TASK PROMPT => Only the lines from the opening of the material through the one containing "Phoenix Geometric Cube" should be reproduced, each exactly as it stands.

START DATA

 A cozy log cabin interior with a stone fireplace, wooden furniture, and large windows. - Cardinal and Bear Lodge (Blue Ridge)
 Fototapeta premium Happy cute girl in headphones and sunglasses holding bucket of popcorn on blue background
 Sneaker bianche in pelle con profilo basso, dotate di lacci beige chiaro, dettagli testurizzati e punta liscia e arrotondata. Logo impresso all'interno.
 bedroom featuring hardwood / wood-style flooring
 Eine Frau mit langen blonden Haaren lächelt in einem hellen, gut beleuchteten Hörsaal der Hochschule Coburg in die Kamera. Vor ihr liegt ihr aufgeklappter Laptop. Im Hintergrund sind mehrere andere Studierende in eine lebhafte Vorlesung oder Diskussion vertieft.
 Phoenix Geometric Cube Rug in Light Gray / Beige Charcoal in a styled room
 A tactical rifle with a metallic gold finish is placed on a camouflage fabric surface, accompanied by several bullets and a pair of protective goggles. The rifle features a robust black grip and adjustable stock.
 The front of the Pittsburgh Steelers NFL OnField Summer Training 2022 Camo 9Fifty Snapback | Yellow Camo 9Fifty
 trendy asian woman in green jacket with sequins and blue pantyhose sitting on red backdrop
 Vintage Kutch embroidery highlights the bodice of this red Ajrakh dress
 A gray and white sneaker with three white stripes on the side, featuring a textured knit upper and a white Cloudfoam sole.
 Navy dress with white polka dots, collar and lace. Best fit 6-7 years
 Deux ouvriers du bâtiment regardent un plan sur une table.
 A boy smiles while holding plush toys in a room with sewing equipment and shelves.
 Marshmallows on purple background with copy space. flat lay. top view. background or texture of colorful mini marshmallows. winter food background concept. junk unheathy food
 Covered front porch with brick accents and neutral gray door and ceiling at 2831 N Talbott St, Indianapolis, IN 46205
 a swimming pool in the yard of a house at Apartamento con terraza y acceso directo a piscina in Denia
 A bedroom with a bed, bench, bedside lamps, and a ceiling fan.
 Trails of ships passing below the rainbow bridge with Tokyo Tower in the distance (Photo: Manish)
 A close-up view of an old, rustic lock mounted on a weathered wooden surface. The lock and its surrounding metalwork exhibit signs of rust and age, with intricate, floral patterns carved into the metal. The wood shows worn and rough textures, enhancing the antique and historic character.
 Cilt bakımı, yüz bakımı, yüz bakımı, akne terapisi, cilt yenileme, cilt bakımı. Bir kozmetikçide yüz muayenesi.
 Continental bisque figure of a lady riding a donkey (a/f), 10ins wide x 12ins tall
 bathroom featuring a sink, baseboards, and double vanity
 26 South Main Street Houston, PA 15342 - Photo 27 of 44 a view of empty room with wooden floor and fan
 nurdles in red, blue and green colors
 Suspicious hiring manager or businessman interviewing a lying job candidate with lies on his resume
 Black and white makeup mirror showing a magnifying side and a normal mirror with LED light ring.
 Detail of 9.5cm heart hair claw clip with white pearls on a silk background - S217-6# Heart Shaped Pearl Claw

END DATA

TASK ANSWER =>
 A cozy log cabin interior with a stone fireplace, wooden furniture, and large windows. - Cardinal and Bear Lodge (Blue Ridge)
 Fototapeta premium Happy cute girl in headphones and sunglasses holding bucket of popcorn on blue background
 Sneaker bianche in pelle con profilo basso, dotate di lacci beige chiaro, dettagli testurizzati e punta liscia e arrotondata. Logo impresso all'interno.
 bedroom featuring hardwood / wood-style flooring
 Eine Frau mit langen blonden Haaren lächelt in einem hellen, gut beleuchteten Hörsaal der Hochschule Coburg in die Kamera. Vor ihr liegt ihr aufgeklappter Laptop. Im Hintergrund sind mehrere andere Studierende in eine lebhafte Vorlesung oder Diskussion vertieft.
 Phoenix Geometric Cube Rug in Light Gray / Beige Charcoal in a styled room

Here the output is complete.